The records below need retyping in full; give them again exactly.

◆ ◆ ◆

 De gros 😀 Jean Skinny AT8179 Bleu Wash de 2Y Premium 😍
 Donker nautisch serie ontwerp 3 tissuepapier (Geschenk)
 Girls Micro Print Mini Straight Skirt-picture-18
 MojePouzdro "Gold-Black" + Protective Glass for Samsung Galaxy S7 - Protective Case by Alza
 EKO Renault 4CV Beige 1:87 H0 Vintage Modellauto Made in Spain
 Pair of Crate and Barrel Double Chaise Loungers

◆ ◆ ◆

__FINISHED EXERCISE__:
 De gros 😀 Jean Skinny AT8179 Bleu Wash de 2Y Premium 😍
 Donker nautisch serie ontwerp 3 tissuepapier (Geschenk)
 Girls Micro Print Mini Straight Skirt-picture-18
 MojePouzdro "Gold-Black" + Protective Glass for Samsung Galaxy S7 - Protective Case by Alza
 EKO Renault 4CV Beige 1:87 H0 Vintage Modellauto Made in Spain
 Pair of Crate and Barrel Double Chaise Loungers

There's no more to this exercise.